In general, this isn't the sort of thing that you should worry about, unless profiling tells you that the function is a hotspot and you see that less than efficient code is actually being generated by going over the assembly the compiler outputs. Micro-optimizations like this you should always just leave to the compiler unless you absolutely have to.
Tried with GCC and -O3:
void foo();
void bar();
int main()
{
bool doesnt_change = true;
for (int i = 0; i != 3; ++i) {
if (doesnt_change) {
foo();
}
else {
bar();
}
}
}
Result for main:
_main:
pushl %ebp
movl %esp, %ebp
andl $-16, %esp
call ___main
call __Z3foov
call __Z3foov
call __Z3foov
xorl %eax, %eax
leave
ret
So it does optimize away the choice (and unrolls smaller loops).
This optimization is not done if doesnt_change is global.
I'm sure if the compiler can determine that the flag will remain constant, it can do some shufflling:
const bool flag = /* ... */;
for (..;..;..;)
{
if (flag)
{
// ...
}
else
{
// ...
}
}
If the flag is not const, the compiler cannot necessarily optimize the loop, because it can't be sure flag won't change. It can if it does static analysis, but not all compilers do, I think. const is the sure-fire way of telling the compiler the flag won't change, after that it's up to the compiler.
As usual, profile and find out if it's really a problem.
I would be wary to say that it will. Can it guarantee that the value won't be modified by this, or another thread?
That said, the second version of the code is generally more readable and it would probably be the last thing to optimize in a block of code.

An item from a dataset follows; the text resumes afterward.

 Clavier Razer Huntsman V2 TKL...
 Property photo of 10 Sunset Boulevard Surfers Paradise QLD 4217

As many have said: it depends.
If you want to be sure, you should try to force a compile-time decision. Templates often come in handy for this:
for (condition)
do_it<flag>();
Generally, yes. But there is no guarantee, and the places where the compiler will do it are probably rare.
What most compilers do without a problem is hoisting immutable evaluations out of the loop, e.g. if your condition is
if (a<b) ....
when a and b are not affected by the loop, the comparison will be made once before the loop.

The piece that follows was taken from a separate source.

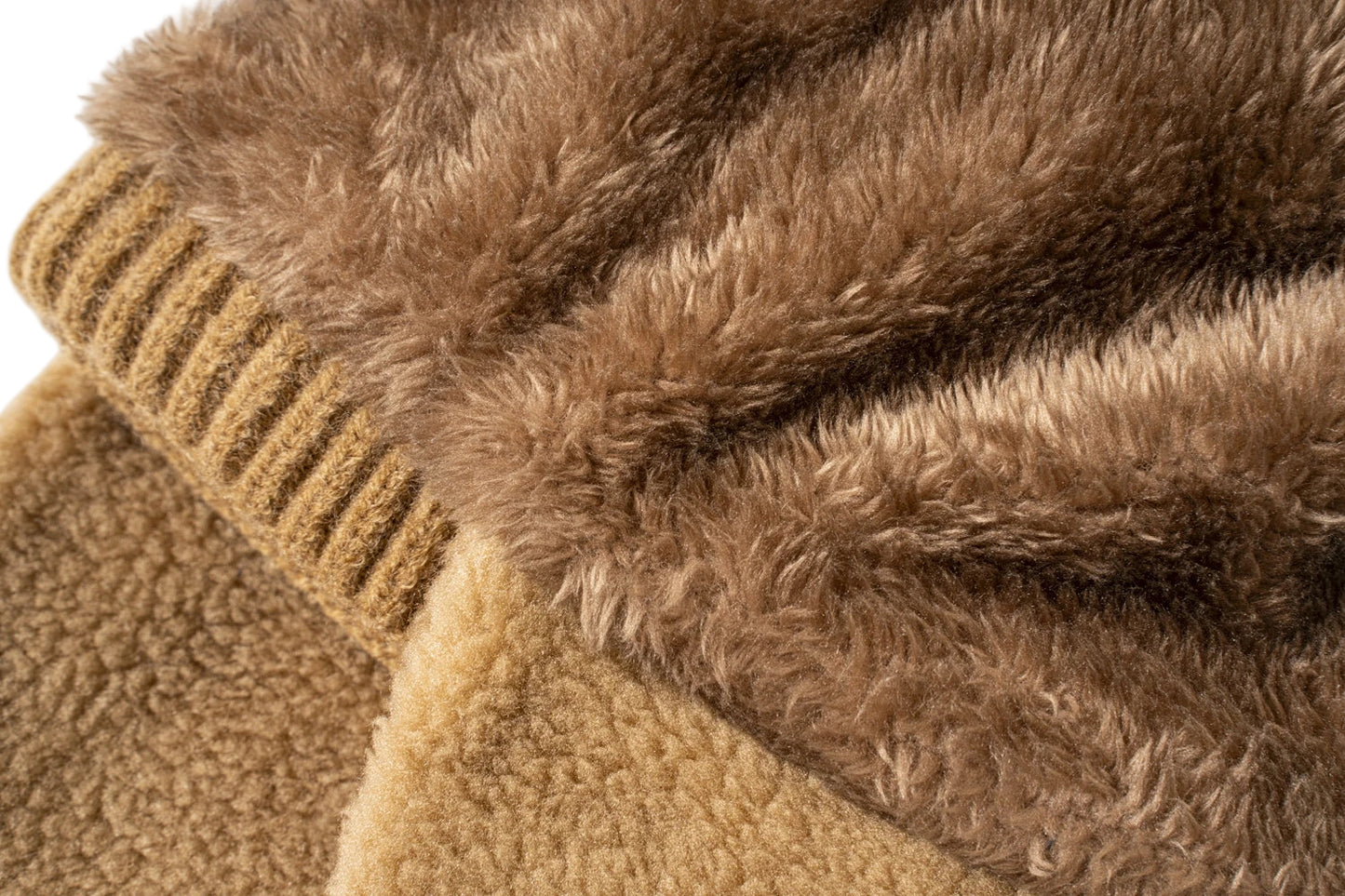 children-vintage-retro-cozy-warm-hat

This means if the compiler can determine the condition does not change, the test is cheap and the jump wenll predicted. This in turn means the test itself costs one cycle or no cycle at all (really).
In which cases splitting the loop would be beneficial?

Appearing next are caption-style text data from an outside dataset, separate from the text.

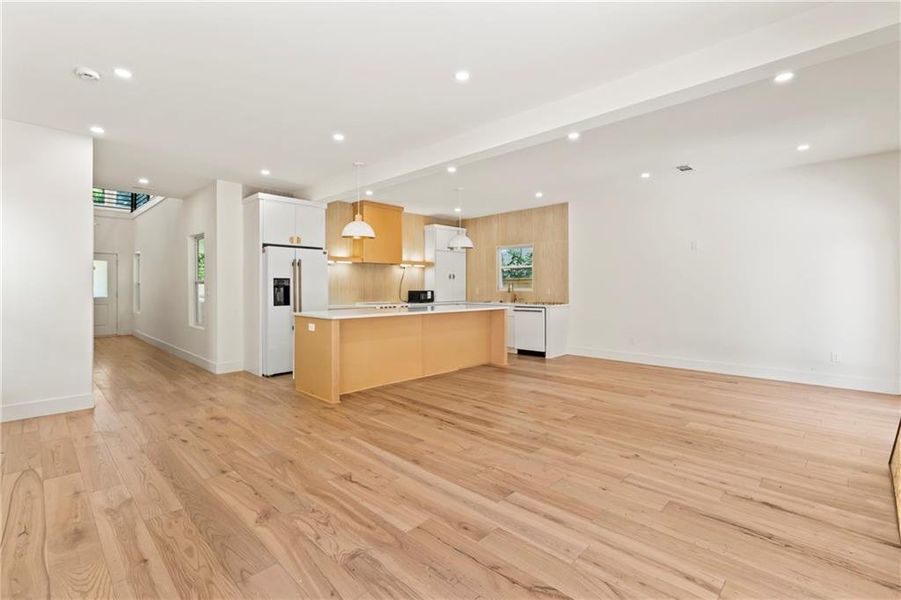 Image 66 of a home in . Image 66 of a home in .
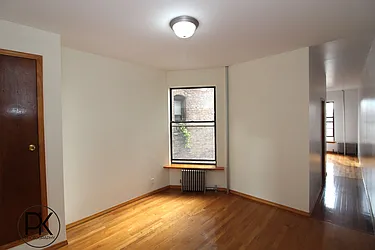 Rented by Proper Real Estate, LLC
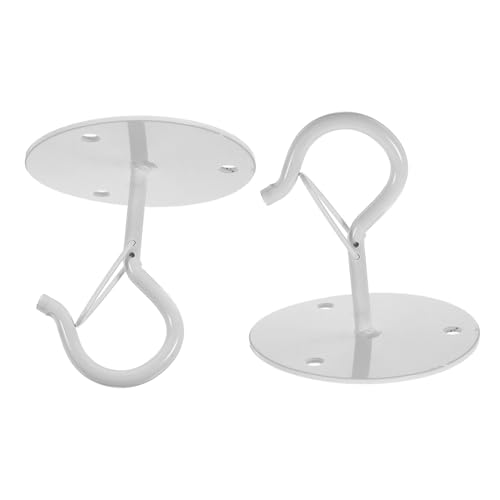 GARIOUANS 2 hEXvOVtbN ϋv݂艺pAtbN Opv^[oXPbg|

a) a very tight loop where the 1 cycle is a significant cost
b) the entire loop with both parts does not fit the code cache
Now, the compiler can only make assumptions about the code cache, and usually can order the code in a way that one branch will fit the cache.
Without any testing, I'dexpect a) the only case where such an optimization would be applied, becasue it's nto always the better choice:
In which cases splitting the loop would be bad?
When splitting the loop increases code size beyond the code cache, you will take a significant hit. Now, that only affects you if the loop itself is called within another loop, but that's something the compiler usually can't determine.
[edit]
I couldn't get VC9 to split the following loop (one of the few cases where it might actually be beneficial)
extern volatile int vflag = 0;
int foo(int count)
{
int sum = 0;
int flag = vflag;
for(int i=0; i<count; ++i)
{
if (flag)
sum += i;
else
sum -= i;
}
return sum;
}
[edit 2]
note that with int flag = true; the second branch does get optimized away. (and no, const doesn't make a difference here ;))
What does that mean? Either it doesn't support that, it doesn't matter, ro my analysis is wrong ;-)
Generally, I'd asume this is an optimization that is valuable only in a very few cases, and can be done by hand easily in most scenarios.
It's called a loop invariant and the optimization is called loop invariant code motion and also code hoisting. The fact that it's in a conditional will definitely make the code analysis more complex and the compiler may or may not invert the loop and the conditional depending on how clever the optimizer is.
There is a general answer for any specific case of this kind of question, and that's to compile your program and look at the generated code.